Leo Tran: Vietnam's lessons for America, 50 years after war's end
Half a century after the fall of Saigon, the reverberations of Vietnam continue to be felt in America's debates about foreign policy — from the complications of Ukraine to the larger questions about America's role in the world. The United States and Vietnam, which were bitter enemies for more than three decades, are now bound together by increasingly close economic relations and strategic interests, including opposition to China's rise. Yet this alliance is still shadowed by the unresolved legacy of the Vietnam War — a legacy that, as America's global power wanes, continues to shape what it means to be both Vietnamese and American
This developing partnership represents a significant change. However, genuinely coming to terms with the past cannot end at pragmatic cooperation. It requires moving away from a strictly American-centric understanding and coming to grips with the war as the Vietnamese experienced it — as a fight for national liberation, albeit a war tragically caught up in the machinations of a global Cold War.
Vietnam is a wound for many Americans: a bloody quagmire, a blot on our conscience, a war that claimed more than 58,000 American lives and shattered faith at home in the good intentions of the government. But if you view Vietnam purely through the prism of American defeat, you risk overlooking the deeper meaning of the war — and its enduring consequences.

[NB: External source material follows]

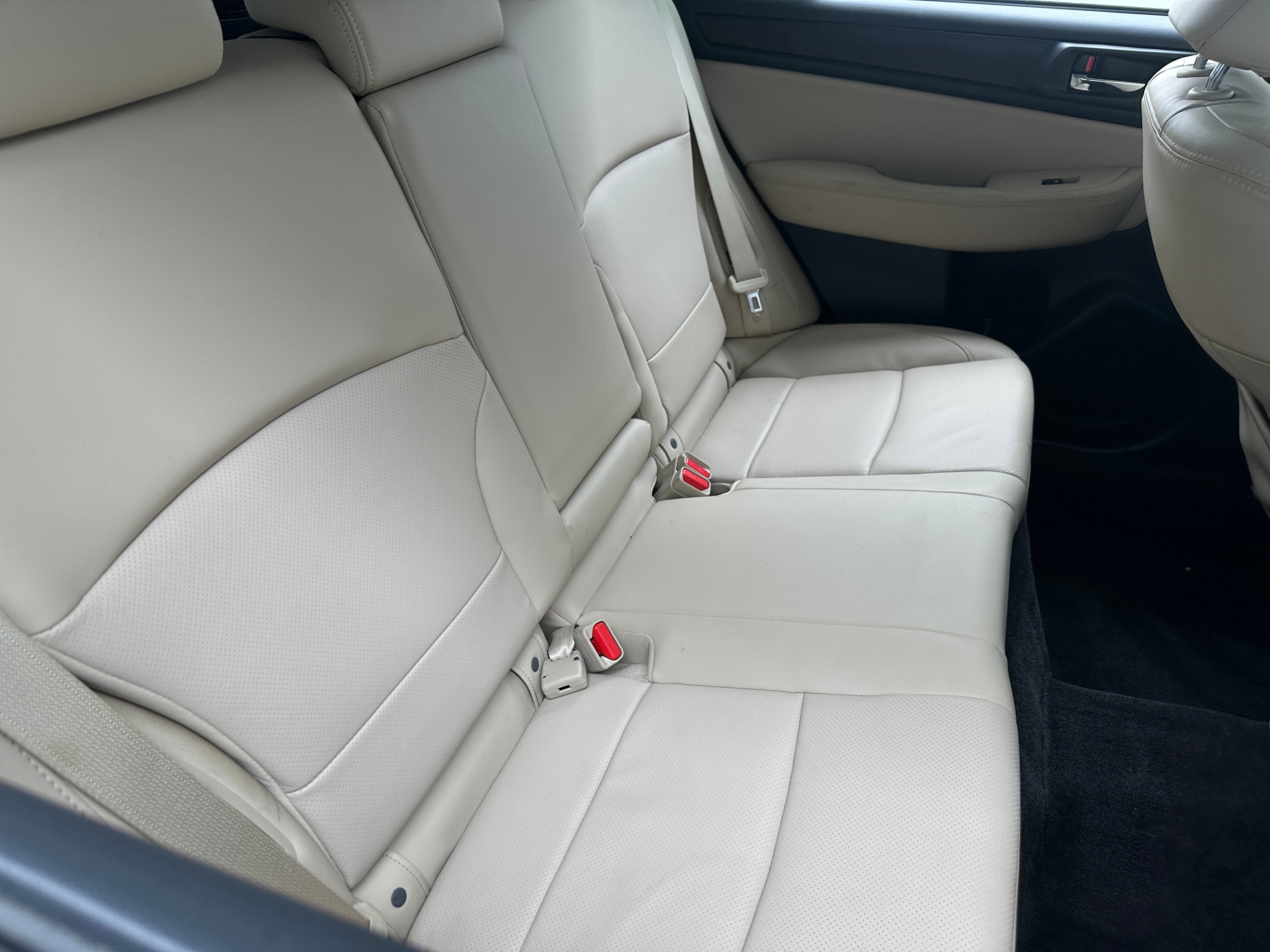 2015 Subaru Outback 2.5i Limited 5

The failure of America in Vietnam was a failure of political imagination. Terrified of the prospect of communist victory, Washington sabotaged the 1954 Geneva Accords, which had called for national elections, and supported an anti-communist government in the South. In so doing, it contributed to freezing and escalating what might otherwise have remained a limited postcolonial struggle. With greater and greater military engagement, Vietnam turned into a proxy battleground for Cold War hostilities at an enormous human cost. But any honest history must also be forthright about the genuine fears that shaped American policy and the deeper currents of ideology.
Admitting American error does not excuse Hanoi of its own obligations. The Communist Party's postwar policies — reeducation camps, political purges, forced collectivization — not only deepened Vietnam's internal wounds but also led to a mass exodus that remade Vietnamese communities around the globe. Policies shaped by that era still influence the political landscape today, and they stand in the way of a true, open effort to reckon with the past.

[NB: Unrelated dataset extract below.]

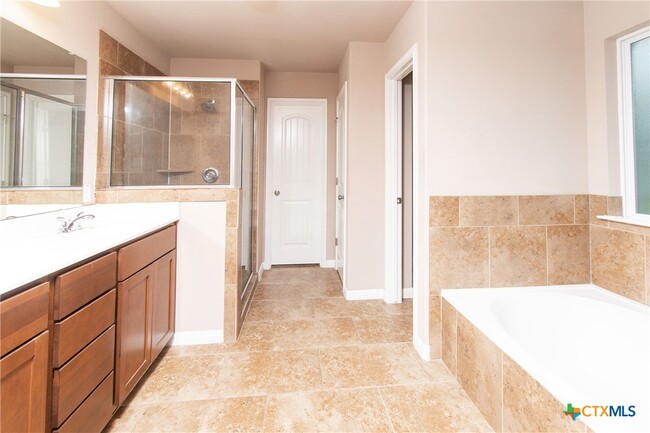 Building Photo - 704 W Gemini Ln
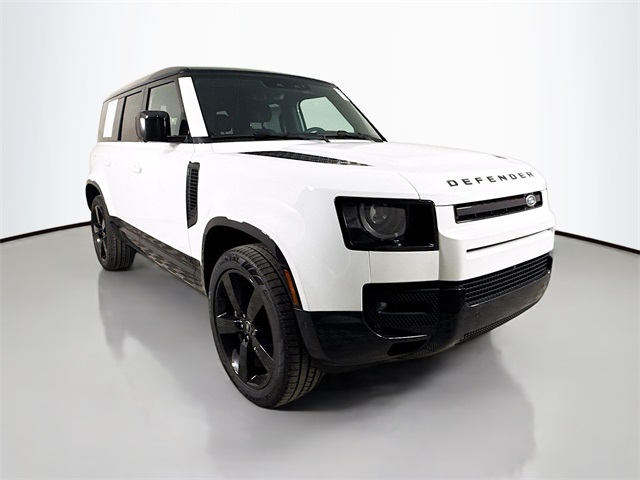 2025 Land Rover Defender 110 V8 photo 3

As the country strides ahead economically, the question is: Can the nation, sooner rather than later, come to terms with its past? To Lam, general secretary for Vietnam's Communist Party, has recently written about 'reconciliation' and 'tolerance,' explaining that genuine 'unity' entails 'accepting different perspectives in the spirit of tolerance and respect, to jointly aim for the greater goal: building a peaceful, unified, powerful, civilized, and prosperous Vietnam.' But real healing will take more than rhetoric. It requires making room for a multitude of memories — including those of the diaspora — to coexist, ungated by the official narrative.
The lessons of Vietnam are deep for America as well. Not even the strongest army can replace political legitimacy. Conflicts within a region are as complicated as the regions they take place in and can't be reduced to simple ideological categories. And how wars end is as important as how they are fought. The manner in which the war in South Vietnam came to a close — with abrupt withdrawal, broken commitments and implosion — damaged America's status in the world in ways that still echo.
Now, as the United States contends with a multipolar world, the Vietnamese ghost lingers still. In Ukraine, we see echoes of the past: a smaller country fighting for its life against a bigger aggressor, with American backing a combination of the practical and the moral. Of course, the contexts are different — Ukraine is a sovereign democracy facing a conventional invasion, not a civil war driven by Cold War proxy rivalries. But the quandaries of loyalty, character and honor reverberate eerily.
As we navigate this new era, it is worth remembering the lessons of Vietnam: the price of intervention, the limits of power and the ongoing importance of moral clarity. It's a clarity often obscured by the fog of that distant, unfinished war.